Michael Saler at The Immanent Frame:
The stern visage of Max Weber looms over discussions of modernity and enchantment, as does the sunnier countenance of Charles Taylor. Perhaps they should be joined by the open faced, bluntly spoken, and allegedly poker wielding Ludwig Wittgenstein. This choice might seem counter-intuitive. Wittgenstein did not write much about enchantment, and is more often considered a disenchanter who used the tools of philosophy to dispel illusions brought about by linguistic misuse. As he wrote, “Philosophy is a battle against the bewitchment of our intelligence by means of language.”

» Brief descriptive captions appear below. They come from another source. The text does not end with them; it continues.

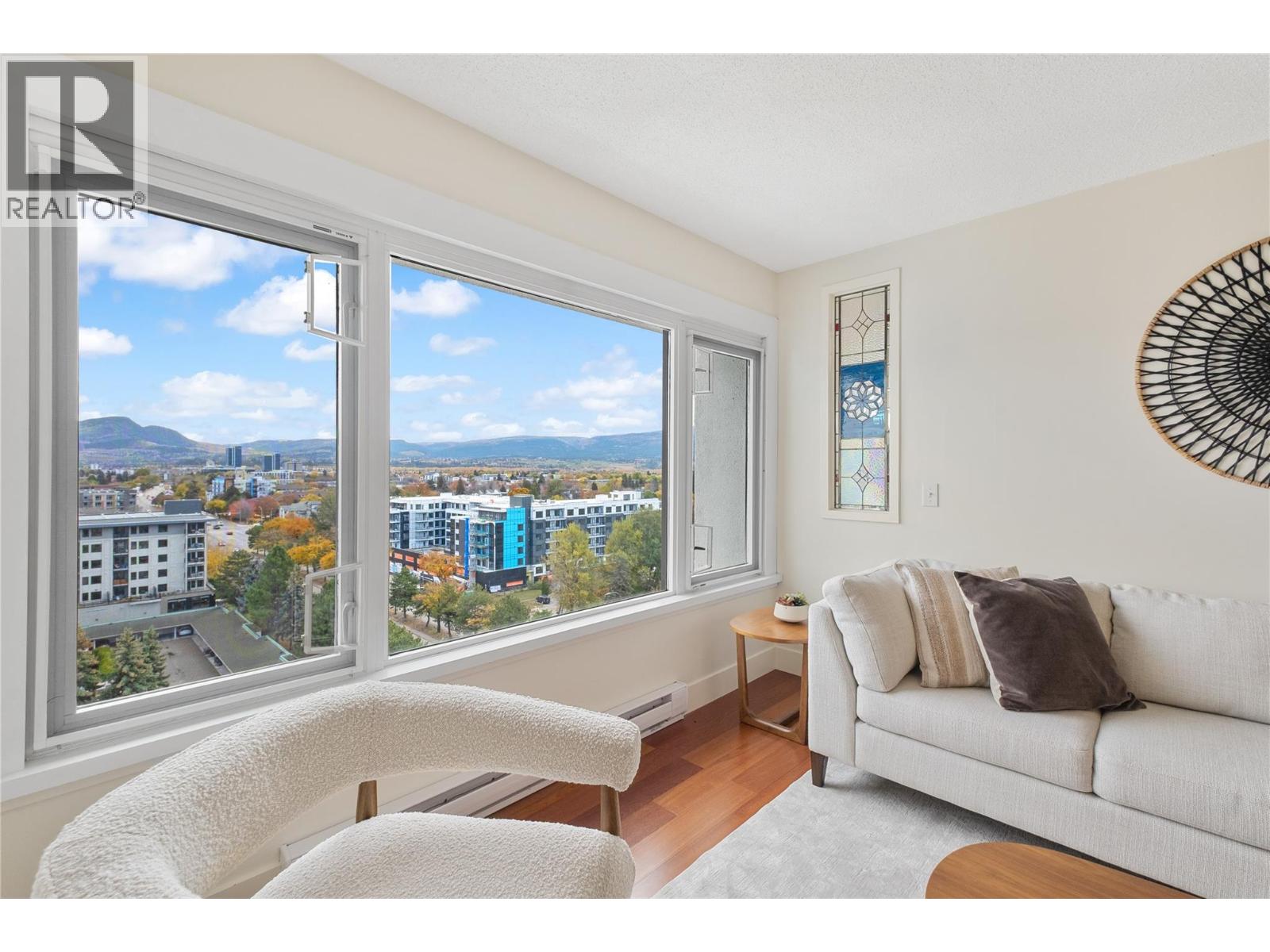 737 Leon Avenue Unit# 1206, Kelowna, British Columbia  V1Y 8L6 - Photo 22 - 10382003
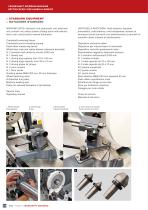 CG260 Crankshaft Grinding Machine-4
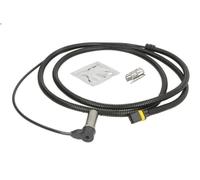 Sensore, velocità ruota PETERS 086.612-00A MAN TGA 10.518 2001-2008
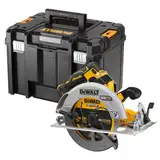 Пила дискова акумуляторна безщіткова DeWALT DCS573NT — Photo 14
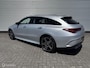 Mercedes-Benz CLA Shooting Brake 250 e AMG Line | BTW auto | Origineel Nederlands |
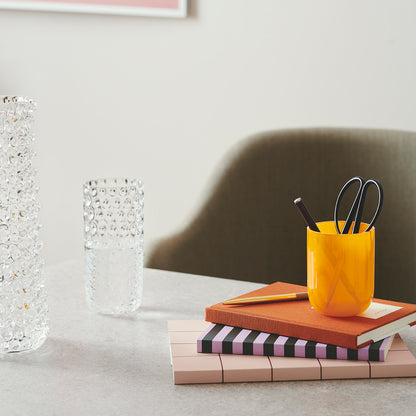 Kodanska Flow Glas Water Glass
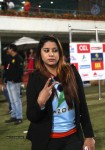 CCL 5 Bhojpuri Dabanggs vs Telugu Warriors Match Photos - 40 of 120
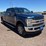 2019-ford-f350-image-2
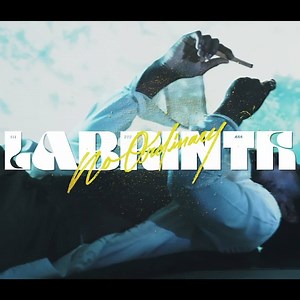 5.1K views · 306 reactions | The making of the “No Ordinary” video: https://Lab.lnk.to/NO-BTS | Labrinth | Facebook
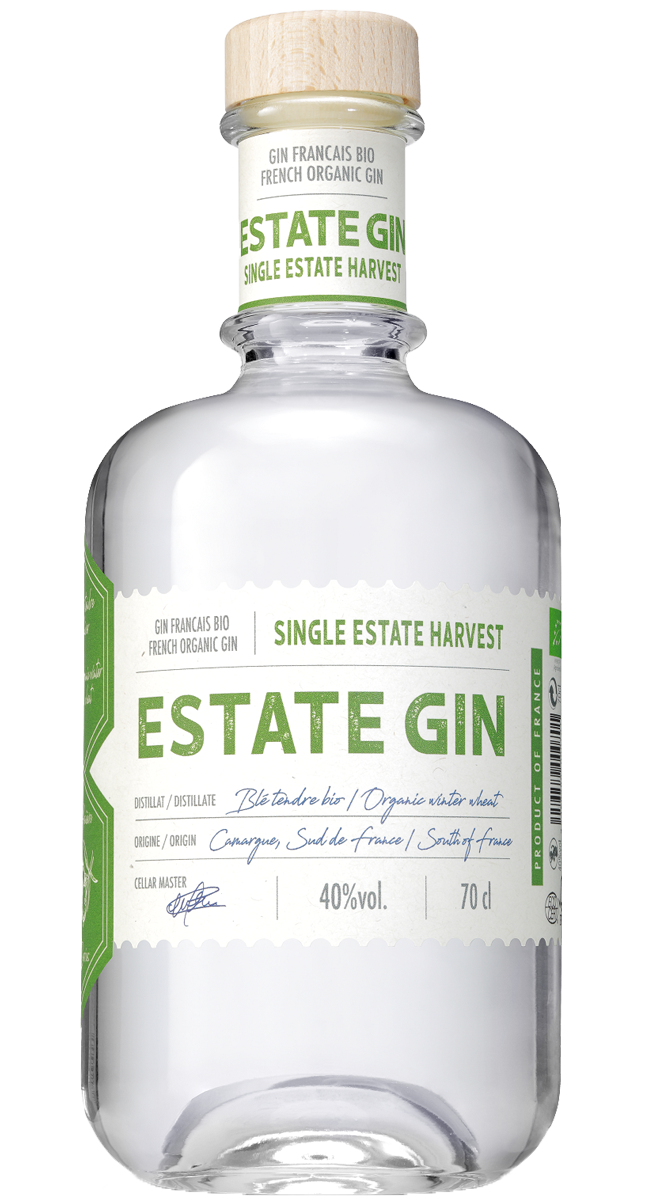 pol_pl_ABK6-Single-Estate-Gin-Bio-2352_1.png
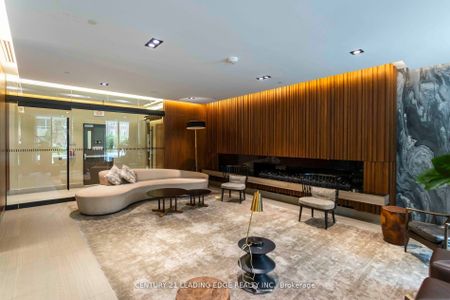 For Lease - 125 Redpath Avenue Unit# 3403, Toronto, Ontario - Photo 2
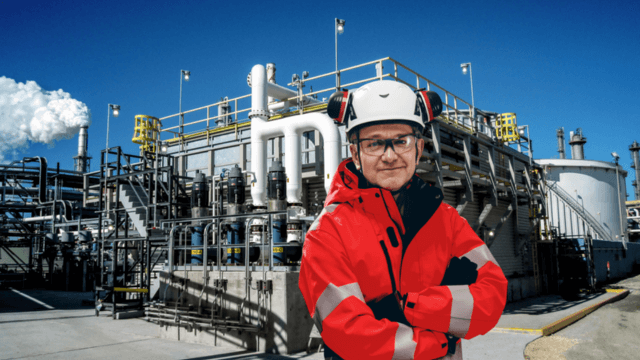 air cooling solution range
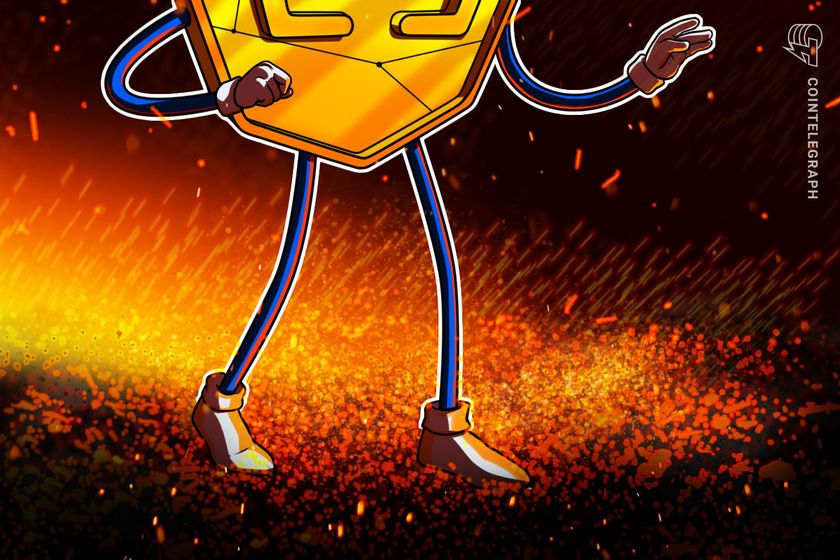 bitcoin,-ethereum-rebound-but-still-show-‘overheated-signals’-—-k33-research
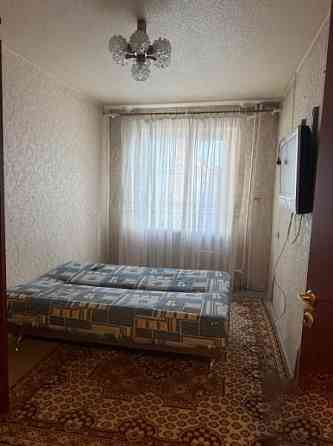 2 к Куйбышевский район Донецк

Nevertheless, enchantment was central to Wittgenstein’s outlook on life. By enchantment he meant a sense of wonder regarding the world. He described wonder as his “experience par excellence…when I have it I wonder at the existence of the world. And I am then inclined to use such phrases as ‘how extraordinary that anything should exist’ or ‘how extraordinary that the world should exist.’” Plato and Aristotle claimed that philosophy begins in wonder, and Wittgenstein’s famous last words—“Tell them I’ve had a wonderful life”—suggests it ends there as well. His later philosophy aimed at re-enchanting the world by re-describing it in new and unexpected ways. In so doing, the world does not change—things remain as they are—but our fundamental orientation to the world changes: “We see, not change of aspect, but change of interpretation.” As a result, one becomes aware of how rich, contingent and variable the world is.